流程
KNN 算法基本流程为:
- 准备数据集:划分好的带标签(已知类别)的训练样本数据。
- 确定 K 值:选择一个合适的 K 值,表示要考虑的最近邻居的数量。
- 计算距离:对于待分类的样本,计算其与训练样本之间的距离。常用的距离度量方法包括欧氏距离、曼哈顿距离等。
- 选择 K 个最近邻居:根据计算得到的距离,选择与待分类样本最近的 K 个样本作为最近邻居。
- 确定类别:对于分类任务,根据最近邻居的类别进行投票或加权投票,将待分类样本归类为得票最多的类别。

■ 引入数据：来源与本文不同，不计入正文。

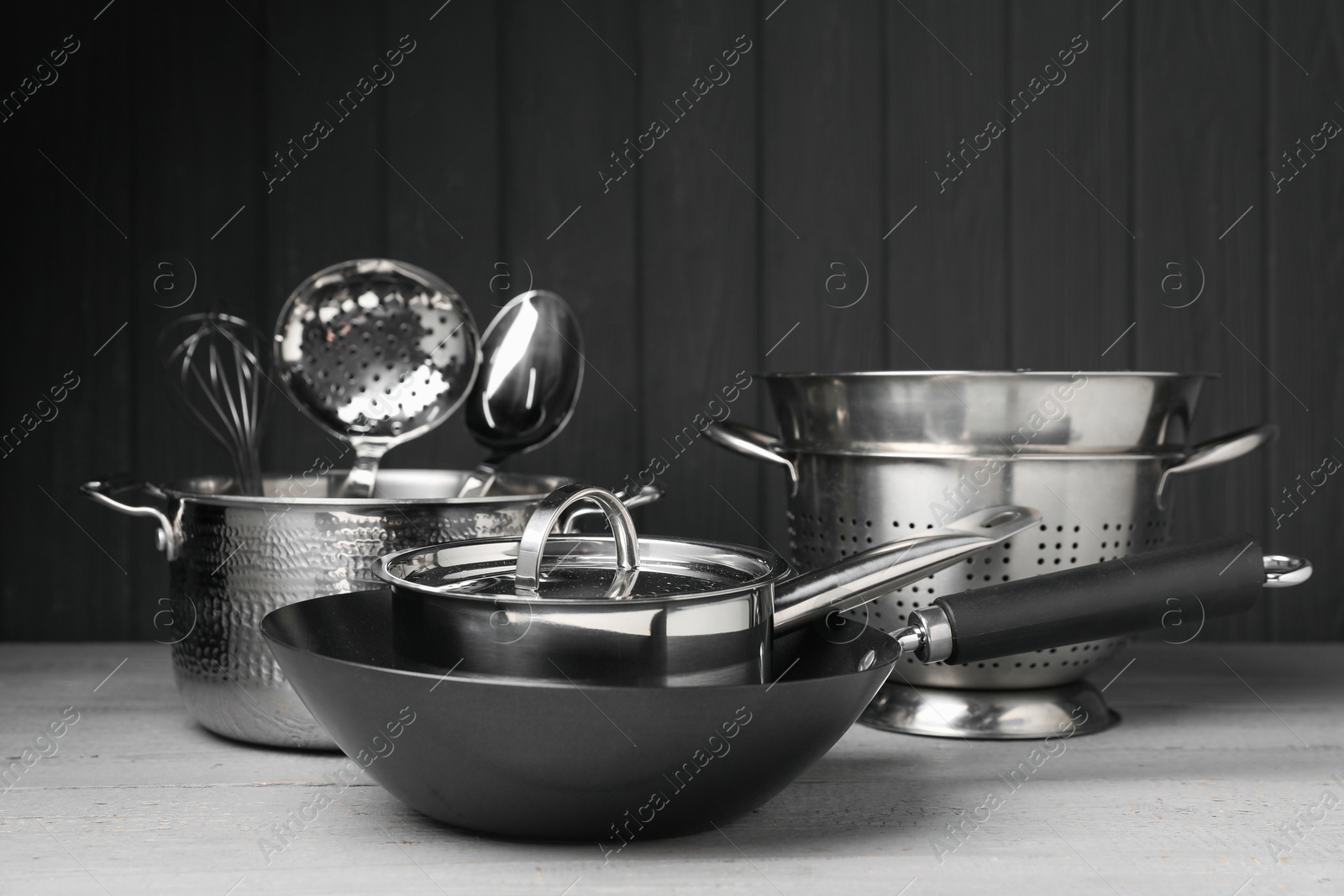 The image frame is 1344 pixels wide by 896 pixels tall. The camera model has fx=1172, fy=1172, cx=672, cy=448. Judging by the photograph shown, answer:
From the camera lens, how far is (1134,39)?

对于回归任务,可以计算最近邻居的平均值或加权平均值作为待分类样本的预测值。
- 输出结果:将待分类样本归类或预测的结果输出。
代码
import numpy as np
import pandas as pd
from sklearn.model_selection import train_test_split
from sklearn.metrics import accuracy_score
from sklearn.neighbors import KNeighborsClassifier
def euclidean_distance(x1, x2):
return np.sqrt(np.sum((x1 - x2) ** 2))
class KNN:
def __init__(self, k=3):
self.k = k
def fit(self, X, y):
self.X_train = X
self.y_train = y
def predict(self, X):
y_pred = [self._predict(x) for x in X]
return np.array(y_pred)
def _predict(self, x):
# 计算当前样本与训练集样本的距离
distances = [euclidean_distance(x, x_train) for x_train in self.X_train]
# 根据距离排序,获取最近的 k 个样本的索引
k_indices = np.argsort(distances)[:self.k]
# 获取最近的 k 个样本的标签
k_labels = [self.y_train[i] for i in k_indices]
# 统计最近 k 个样本中标签出现的次数
most_common = Counter(k_labels).most_common(1)
return most_common[0][0]
if __name__ == '__main__':
path = r"./diabetes.csv"
df = pd.read_csv(path)
print(df.head(2))
print(df.shape)
print(df.info())
features = [c for c in df.columns if c != 'Outcome']
X = df.loc[:, features]
y = df.loc[:, 'Outcome']
X_train, X_test, y_train, y_test = train_test_split(X, y,
test_size=0.4, random_state=42, stratify=y)
n_neighbors = 7
knn = KNN(k=n_neighbors)
knn.fit(X_train.values, y_train.values)
y_pred = knn.predict(X_test.values)
print("%40 test data scratch knn accuracy score:",
accuracy_score(y_test, y_pred))
sk_knn = KNeighborsClassifier(n_neighbors=n_neighbors)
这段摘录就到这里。